The copolymer (PAAN-SiO2) of acrylamide (AM), 2-acrylamido-2-methyl-1-propane sulfonic acid (AMPS), N-vinylpyrrolidone (NVP) and modified nano-silica (M-SiO2) was synthesized by free radical polymerization in a water solution. The composition, micro-morphology and thermal stability properties of PAAN-SiO2 were characterized by Fourier transform infrared spectroscopy, thermal gravity analysis and transmission electron microscopy (TEM). The results showed that AM, AMPS and NVP were successfully grafted onto the surface of M-SiO2 and formed a spherical core–shell structure copolymer. A significant reduction in the filtration volume was achieved after PAAN-SiO2 added, and this phenomenon was even more pronounced after aging at the high temperature.
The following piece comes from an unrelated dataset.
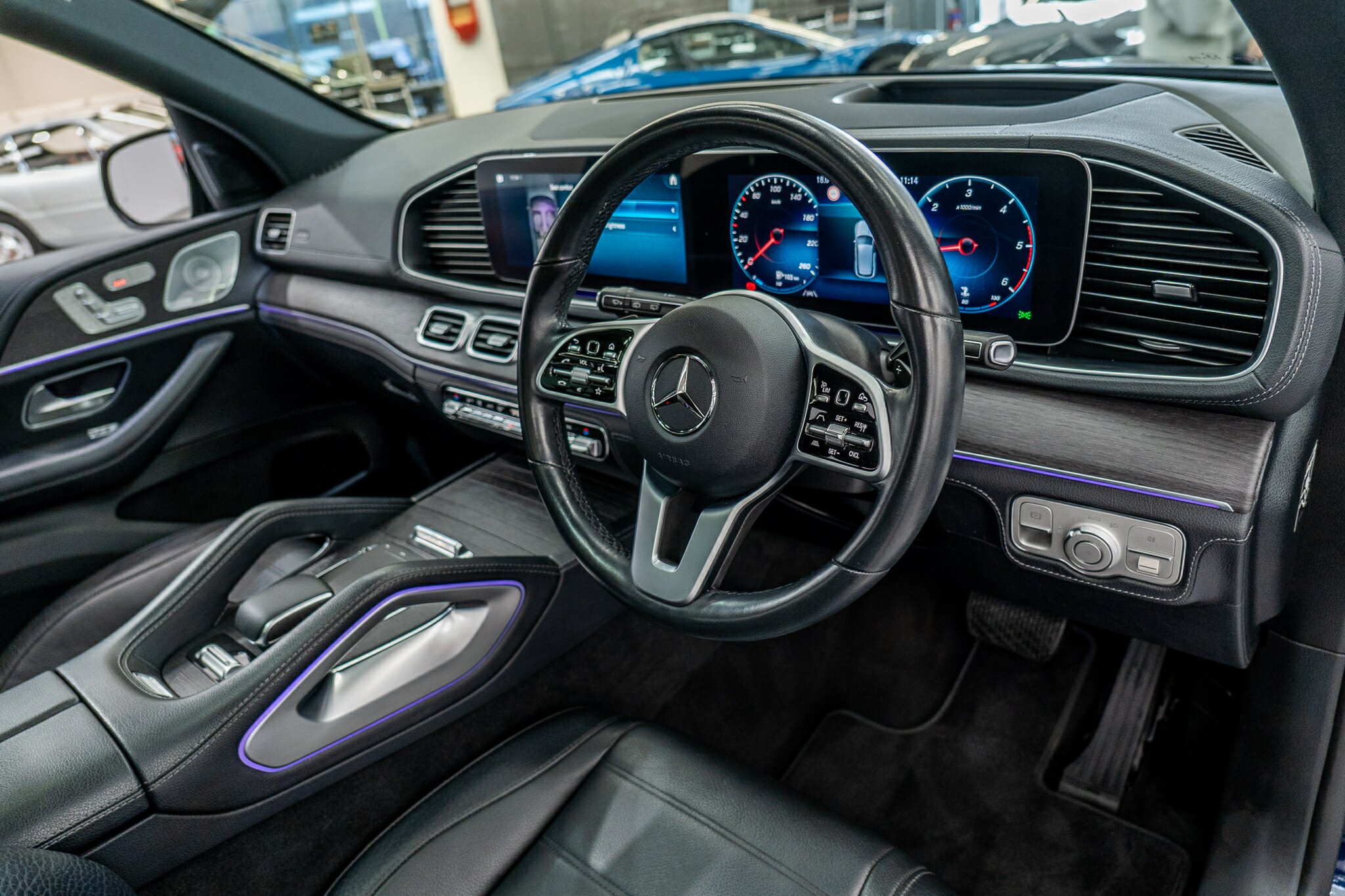 2019 MERCEDES-BENZ GLE V167 MY19 400 d 4MATIC 9 SP AUTOMATIC G-TRONIC 4D WAGON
The filtration volume of base slurry containing 2 wt% of calcium chloride after aging at 180 °C was reduced from 186 to 6 ml after adding 2 wt% of PAAN-SiO2, which exhibited a special property of anti-calcium contamination at high temperature. The interaction mechanism between PAAN-SiO2 and bentonite and calcium ions was analyzed by particle size analysis, scanning electron microscopy, TEM and X-ray diffraction. Because of the stretching of polymer chain under 180 °C that more amide, sulfonic acid groups and cyclic rigid groups were exposed and the strengthening of the connection between PAAN-SiO2 and clay prevents a large amount of ion exchange between Ca2+ and clay layers, reducing the agglomeration of clay. Meantime, the distribution of clay particles was more extensive and some particles with a size of 1–10 μm plugged the micro-nano-pores on the filter cake, and eventually the thin and compact filter cake was formed.